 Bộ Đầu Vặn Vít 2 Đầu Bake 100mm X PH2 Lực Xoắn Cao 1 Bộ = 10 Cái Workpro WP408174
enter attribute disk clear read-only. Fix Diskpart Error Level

---

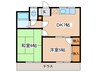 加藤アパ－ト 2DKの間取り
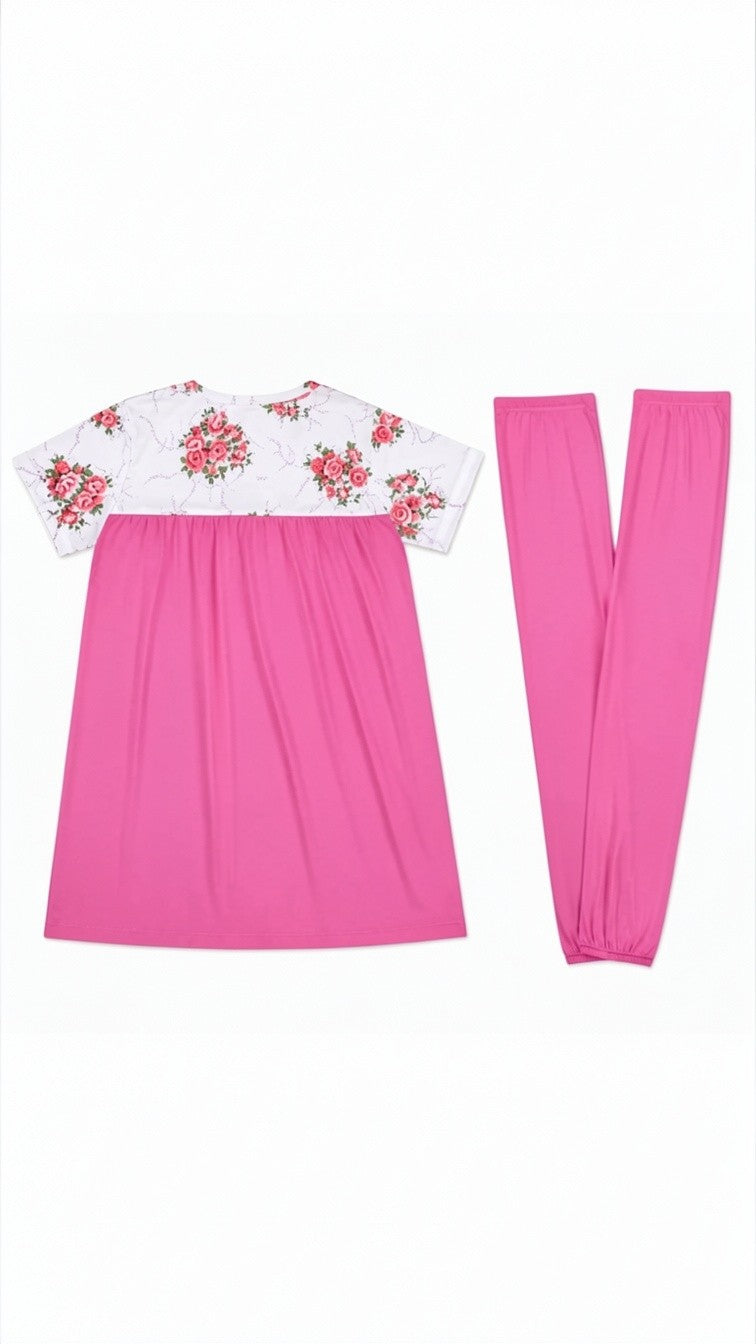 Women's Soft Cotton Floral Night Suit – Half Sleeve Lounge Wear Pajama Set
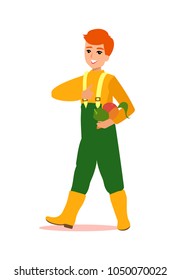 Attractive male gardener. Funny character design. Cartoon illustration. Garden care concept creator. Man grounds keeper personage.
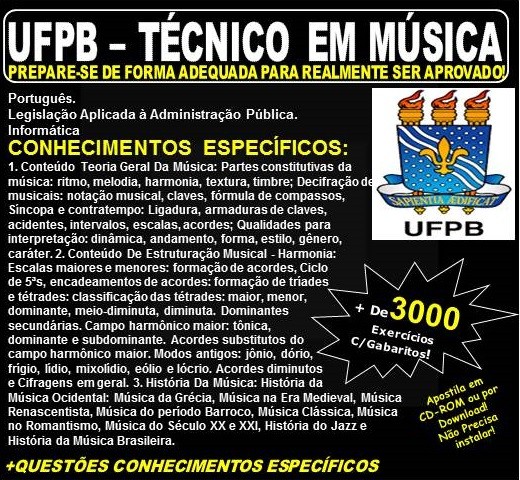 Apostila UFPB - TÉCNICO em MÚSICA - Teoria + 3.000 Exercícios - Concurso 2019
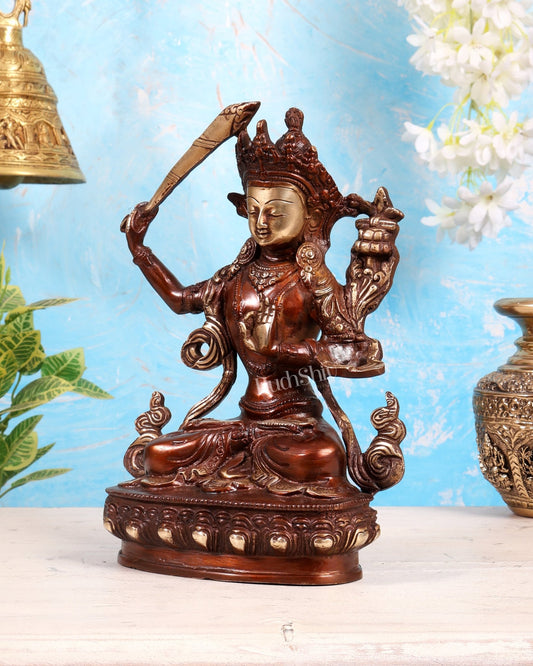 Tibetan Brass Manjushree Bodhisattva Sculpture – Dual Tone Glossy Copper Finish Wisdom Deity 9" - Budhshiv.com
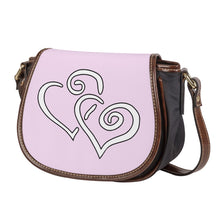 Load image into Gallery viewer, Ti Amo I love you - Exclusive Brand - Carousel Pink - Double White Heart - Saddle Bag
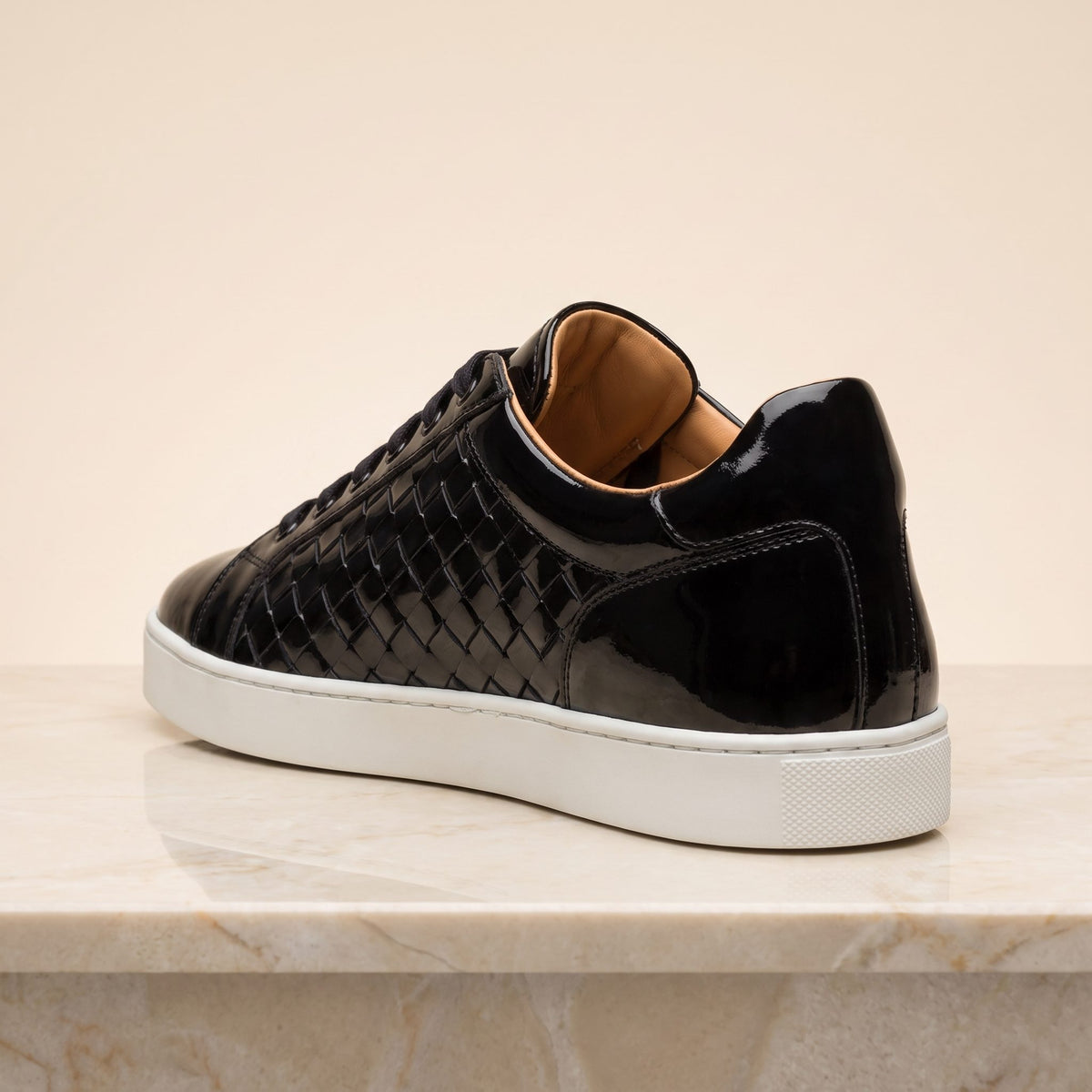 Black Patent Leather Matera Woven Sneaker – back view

* * *

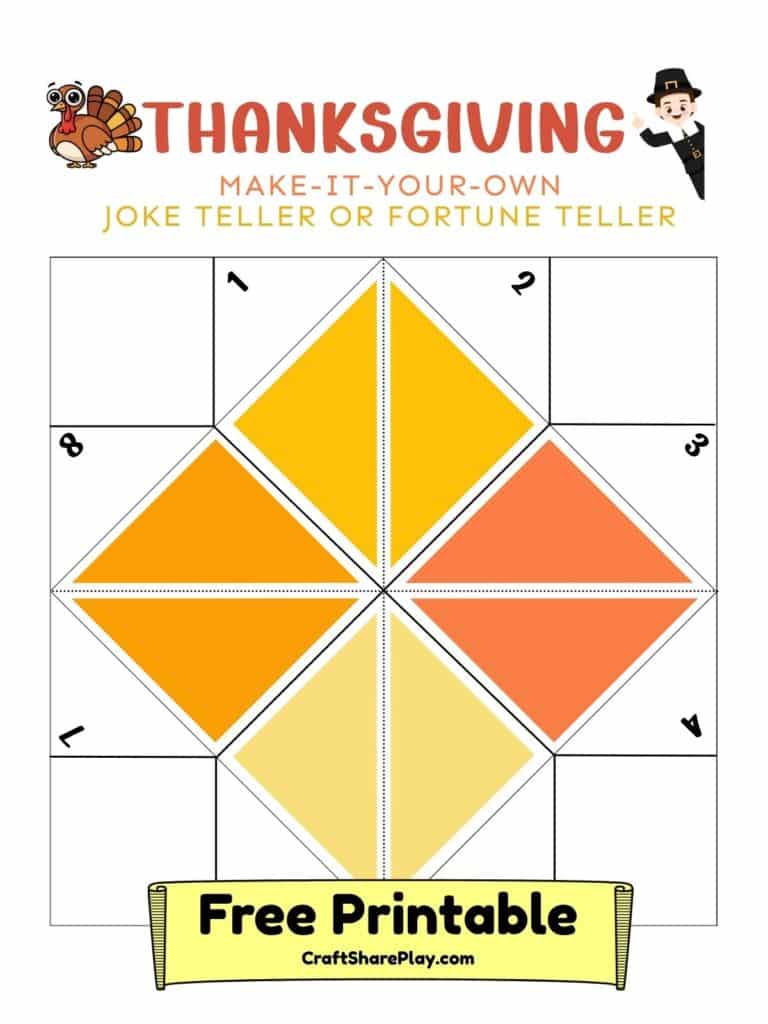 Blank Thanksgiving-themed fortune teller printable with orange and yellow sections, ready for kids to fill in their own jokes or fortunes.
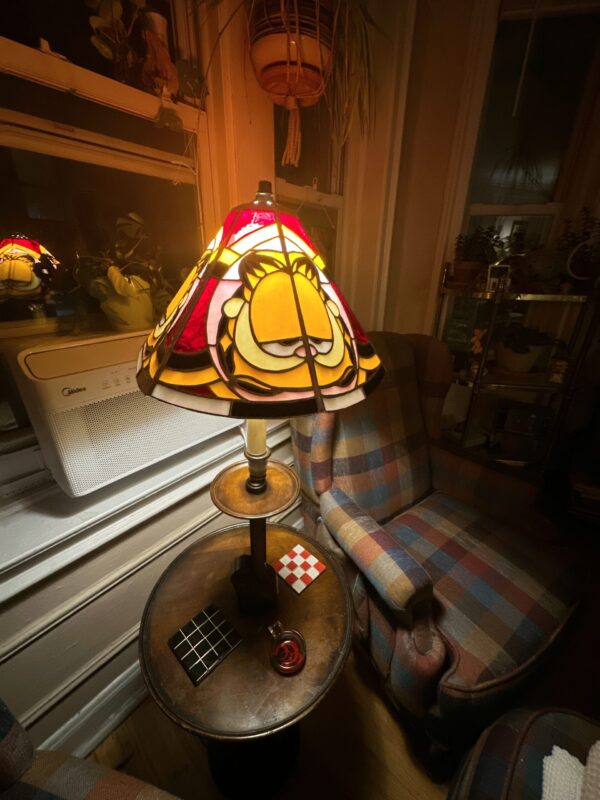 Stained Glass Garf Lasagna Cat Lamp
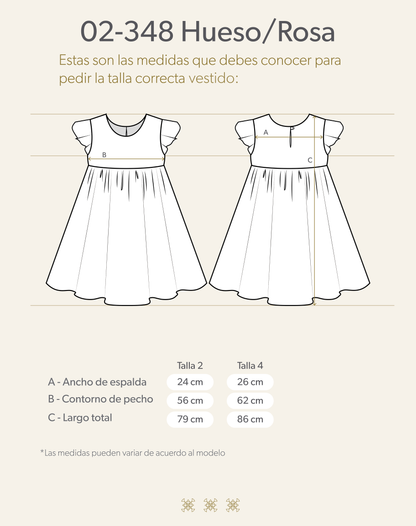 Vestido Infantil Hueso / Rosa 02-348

To do >>
From the records above, transcribe exactly the lines starting at the one containing "Tibetan Brass Manjushree" and ending at the one containing "Black Patent Leather". Skip the pictures.

Written solution >>
 Tibetan Brass Manjushree Bodhisattva Sculpture – Dual Tone Glossy Copper Finish Wisdom Deity 9" - Budhshiv.com
 Load image into Gallery viewer, Ti Amo I love you - Exclusive Brand - Carousel Pink - Double White Heart - Saddle Bag
 Black Patent Leather Matera Woven Sneaker – back view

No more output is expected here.